Task requirements: Take the data below. Output it exactly from its first line through the line containing "Maillot unisexe Jordan".

:: Data to process

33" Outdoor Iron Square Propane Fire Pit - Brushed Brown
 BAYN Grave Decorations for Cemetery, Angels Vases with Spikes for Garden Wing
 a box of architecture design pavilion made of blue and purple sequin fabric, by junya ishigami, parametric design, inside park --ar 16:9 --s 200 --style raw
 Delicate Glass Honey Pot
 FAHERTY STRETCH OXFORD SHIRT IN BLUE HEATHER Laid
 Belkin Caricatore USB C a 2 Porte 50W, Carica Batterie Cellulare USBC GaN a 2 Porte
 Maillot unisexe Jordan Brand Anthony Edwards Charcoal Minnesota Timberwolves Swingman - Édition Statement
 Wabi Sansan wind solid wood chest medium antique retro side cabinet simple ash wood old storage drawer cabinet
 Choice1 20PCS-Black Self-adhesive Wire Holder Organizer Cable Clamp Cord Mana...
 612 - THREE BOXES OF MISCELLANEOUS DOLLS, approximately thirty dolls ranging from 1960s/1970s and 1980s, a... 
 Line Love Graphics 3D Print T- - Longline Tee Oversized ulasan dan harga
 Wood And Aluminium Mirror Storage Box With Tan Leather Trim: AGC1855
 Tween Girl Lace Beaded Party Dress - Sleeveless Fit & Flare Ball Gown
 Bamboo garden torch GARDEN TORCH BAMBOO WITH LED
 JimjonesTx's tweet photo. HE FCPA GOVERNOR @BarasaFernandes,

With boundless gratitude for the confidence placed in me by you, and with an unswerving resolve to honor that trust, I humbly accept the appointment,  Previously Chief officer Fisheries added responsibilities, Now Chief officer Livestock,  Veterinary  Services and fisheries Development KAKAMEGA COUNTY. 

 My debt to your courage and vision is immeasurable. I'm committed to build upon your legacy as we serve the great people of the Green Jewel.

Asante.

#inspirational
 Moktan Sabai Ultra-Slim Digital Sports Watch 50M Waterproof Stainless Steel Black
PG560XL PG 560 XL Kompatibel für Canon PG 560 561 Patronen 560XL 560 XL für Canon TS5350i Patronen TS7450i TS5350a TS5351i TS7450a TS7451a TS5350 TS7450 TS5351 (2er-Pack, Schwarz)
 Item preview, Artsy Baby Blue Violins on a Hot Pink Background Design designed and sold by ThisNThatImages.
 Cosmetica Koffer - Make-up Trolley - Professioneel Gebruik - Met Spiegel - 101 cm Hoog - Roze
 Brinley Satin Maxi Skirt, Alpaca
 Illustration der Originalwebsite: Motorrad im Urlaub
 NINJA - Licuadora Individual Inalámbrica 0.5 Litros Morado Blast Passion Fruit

::::

Response to this task:
33" Outdoor Iron Square Propane Fire Pit - Brushed Brown
 BAYN Grave Decorations for Cemetery, Angels Vases with Spikes for Garden Wing
 a box of architecture design pavilion made of blue and purple sequin fabric, by junya ishigami, parametric design, inside park --ar 16:9 --s 200 --style raw
 Delicate Glass Honey Pot
 FAHERTY STRETCH OXFORD SHIRT IN BLUE HEATHER Laid
 Belkin Caricatore USB C a 2 Porte 50W, Carica Batterie Cellulare USBC GaN a 2 Porte
 Maillot unisexe Jordan Brand Anthony Edwards Charcoal Minnesota Timberwolves Swingman - Édition Statement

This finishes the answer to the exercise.